# WHAT THE EXERCISE ASKS
Only the lines from the one containing "Abercrombie Peasant-Sleeve Square-Neck" through the end of the entries should be returned, exactly as they are, with the pictures omitted.

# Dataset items

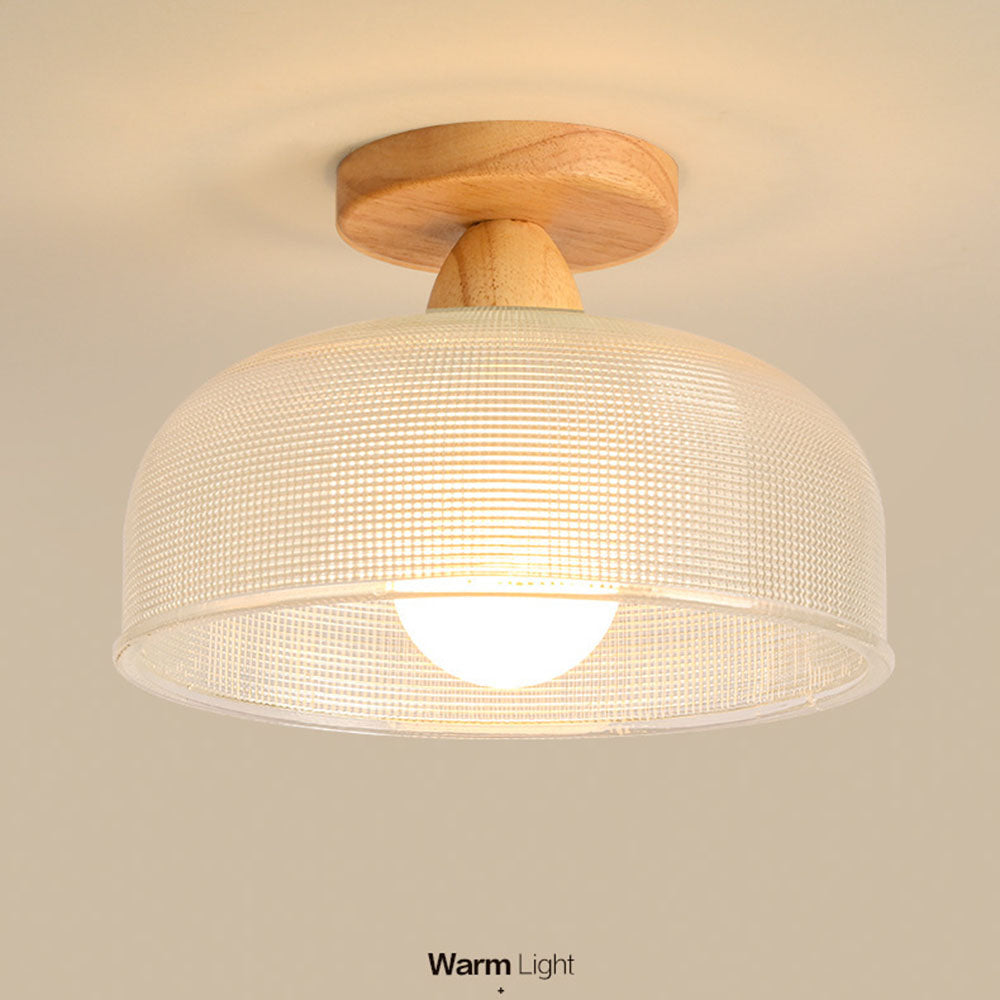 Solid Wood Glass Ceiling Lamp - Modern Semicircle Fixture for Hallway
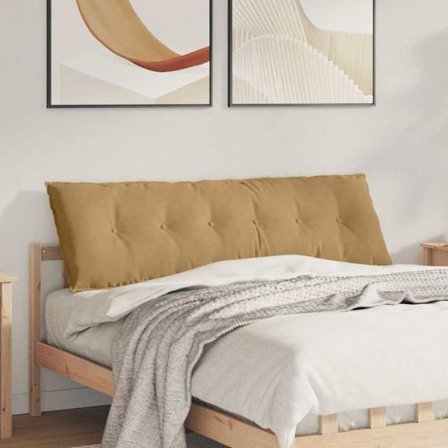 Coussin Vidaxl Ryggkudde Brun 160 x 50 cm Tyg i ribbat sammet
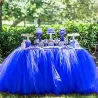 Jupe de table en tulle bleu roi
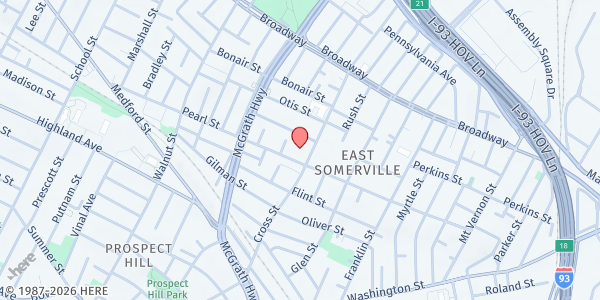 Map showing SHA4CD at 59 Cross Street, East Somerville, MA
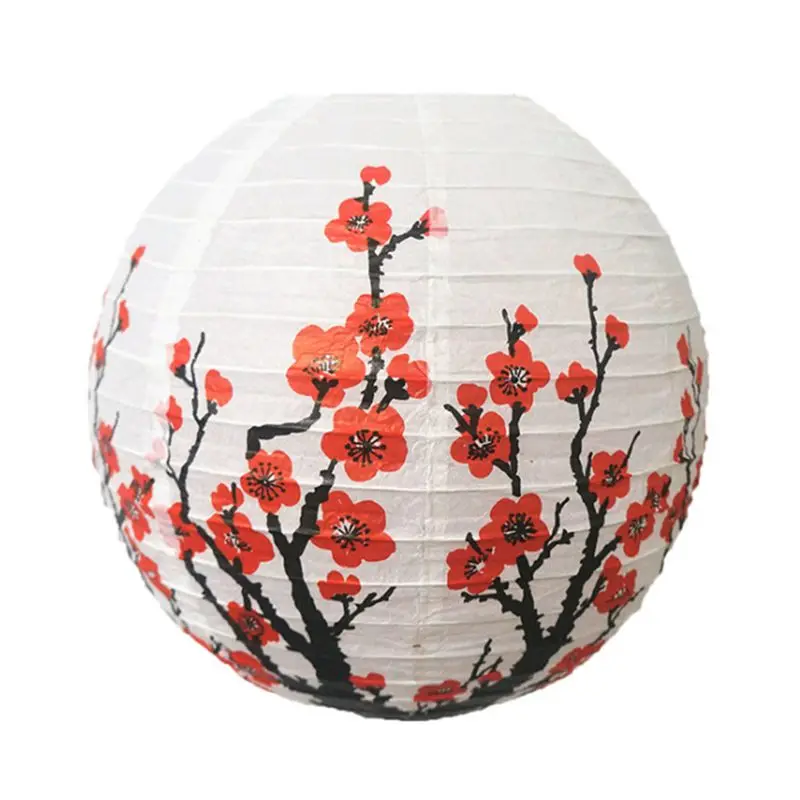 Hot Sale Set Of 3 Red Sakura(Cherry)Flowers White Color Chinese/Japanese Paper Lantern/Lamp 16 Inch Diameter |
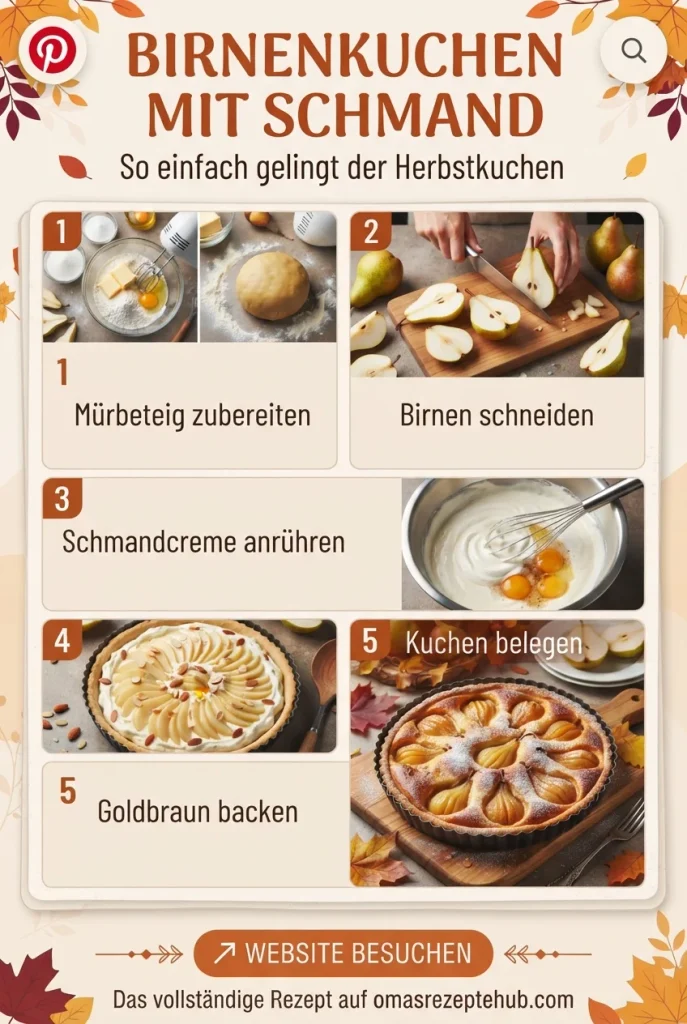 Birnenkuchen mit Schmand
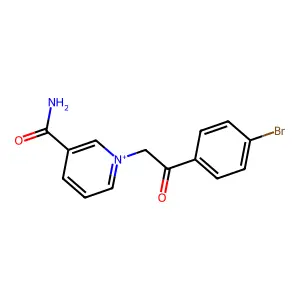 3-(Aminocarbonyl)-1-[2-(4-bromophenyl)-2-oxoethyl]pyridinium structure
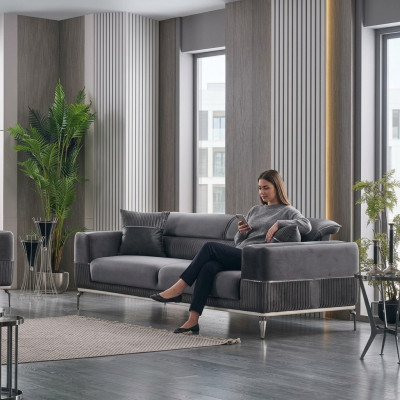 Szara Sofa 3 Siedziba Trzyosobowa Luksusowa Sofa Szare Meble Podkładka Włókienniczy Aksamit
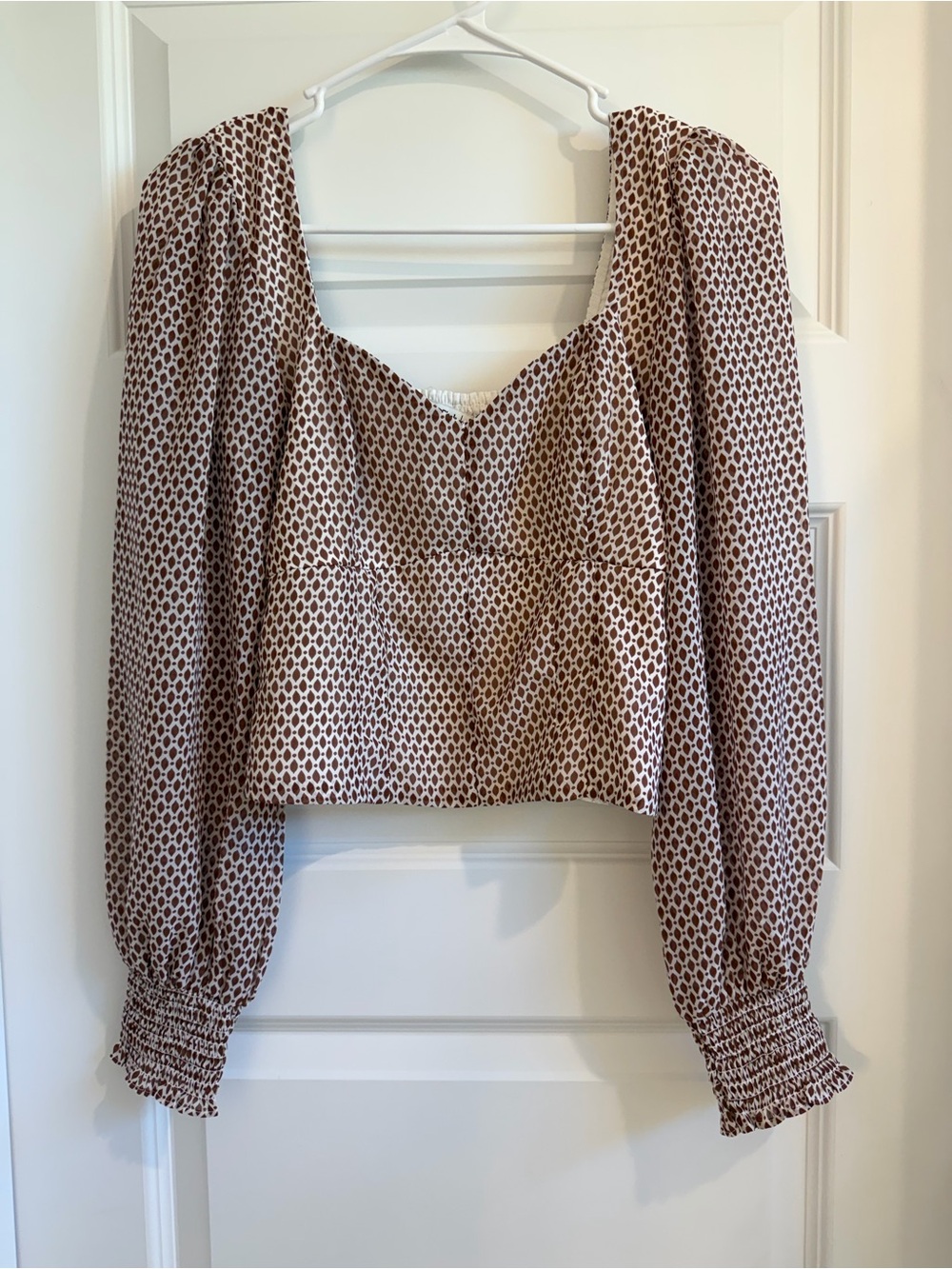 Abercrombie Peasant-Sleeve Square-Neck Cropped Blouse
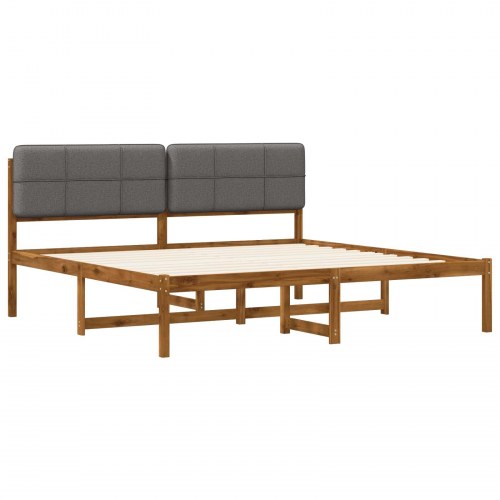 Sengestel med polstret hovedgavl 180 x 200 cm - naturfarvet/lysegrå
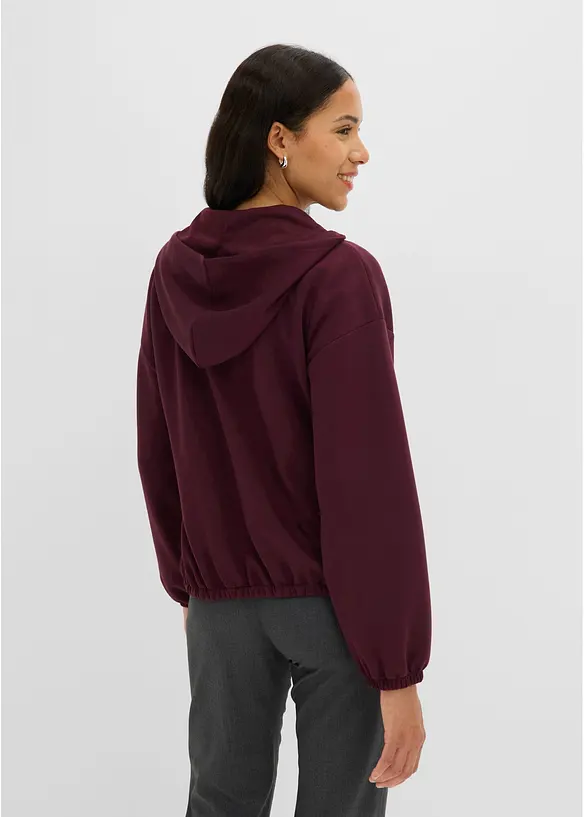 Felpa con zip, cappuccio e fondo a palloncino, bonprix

# TASK SOLUTION
 Abercrombie Peasant-Sleeve Square-Neck Cropped Blouse
 Sengestel med polstret hovedgavl 180 x 200 cm - naturfarvet/lysegrå
 Felpa con zip, cappuccio e fondo a palloncino, bonprix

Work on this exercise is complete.